Sweet Dream (Cerita Bersambung) Ch 1

Chapter 1

            Ruangan itu serba putih. Dinding, tirai, seprai, selimut, bantal, didominasi oleh warna putih. Dan bau menyengat itu, benar-benar mengidentikkan sebuah ruangan yang berada di rumah sakit. Ya, ruangan itu memang benar berada di rumah sakit dan ruangan itu merupakan sebuah kamar. Kamar pasien yang kini tengah tenggelam dalam tidurnya yang sangat nyenyak. Apakah ia bermimpi? Tetes-tetes infus yang mengalir melalui selang itu hanya bisa mencari tahu tanpa menghasilkan apa-apa, berharap sang pasien segera sadar dan bercerita padanya. Apakah mimpimu indah, nona?
            Wanita itu hanya bergeming, masih dalam keadaan yang sama –tertidur. Hanya suara penghitung tekanan darah, denyut jantung dan sejenisnya yang mencoba membangunkannya. Hey, mengapa tidurmu nyenyak sekali? Tidakkah kau ingin bangun dan melihat keadaanmu?
            Wanita itu tak merespon. Meski badannya penuh luka yang kini dibalut oleh perban-perban, wanita itu tak mencoba mencari tahu. Dia masih tertidur pulas dengan selang oksigen yang menjadi jembatan antara dunia mimpinya dan dunia nyata. Cukup lama, ia berada disana. Dan kini, bisakah kau beritahu mimpimu itu, nona?

ooOOOoo

            “Selamat siang, Tuan.” Seorang wanita berbalut seragam putih menyapa seorang lelaki tampan dengan senyum hangat. “Anda sedikit terlambat hari ini,” tambahnya dengan nada ramah.
            “Apa Dokter Ken sudah pergi?” Tanya pria itu.

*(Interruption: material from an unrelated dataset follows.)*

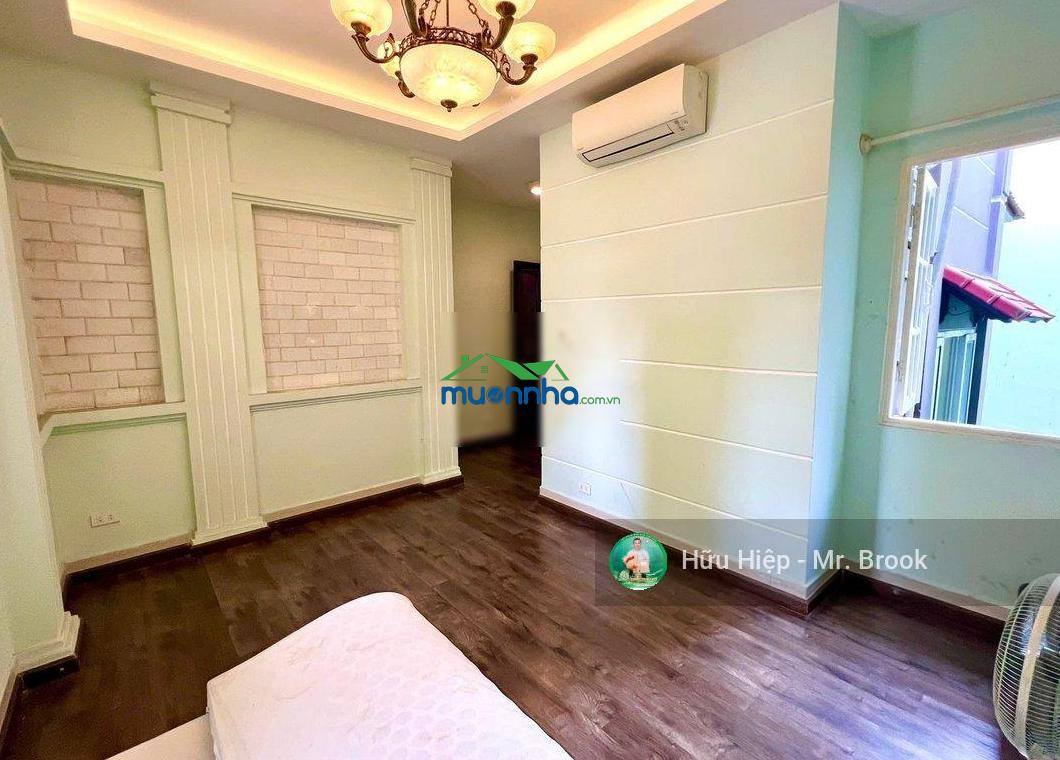 Bán nhà quận 1, hẻm đặng dung tân định - siêu phẩm tân cổ điển tựa biệt thự, ngang 11m, giá 21 tỷ - 3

Sang wanita berseragam putih itu menggeleng. “Belum, tapi beliau menyuruh Anda menunggu sebentar karena harus memeriksa pasien lain.”
            “Oh, terima kasih. Aku akan menunggu di tempat biasa,” ujar si pria kemudian berjalan menuju sebuah kamar pasien. Ia berhenti di depan kamar VIP 1. Segera ia raih kenop dan membuka pintunya.
            Terlihat seseorang tengah terlelap dibalik selimut putih yang tampak cukup hangat. Pria tadi melangkah mendekatinya, menatap sebentar seseorang itu kemudian menarik kursi ke dekatnya dan mendudukinya. “Kau belum juga bangun,” ucapnya lirih.
Drrrt.. Drrrt..
            Sebuah getaran berasal dari kotak hitam ajaib sukses mengalihkan perhatiannya. Ia segera meraihnya dan mendapati panggilan masuk dari seseorang, Darren Hans.

            “Hallo..”
            Hallo, Dave. Dimana kau?Rumah sakit?
            Lelaki itu menggumam, memberi tanda ya. Kemudian terdengar suara dari seberang sana.
            Ibumu menyuruhmu menginap karena beliau harus pergi ke luar kota. Aku akan membawakan baju dan peralatan kerjamu.
            “Hm, bawakan saja laptop merahku dan laporan Linda hari ini. Aku sudah memeriksa laporan Demi,” jawabnya sembari meletakkan jasnya diatas sofa putih di sudut ruangan. Kemudian panggilan pun terputus..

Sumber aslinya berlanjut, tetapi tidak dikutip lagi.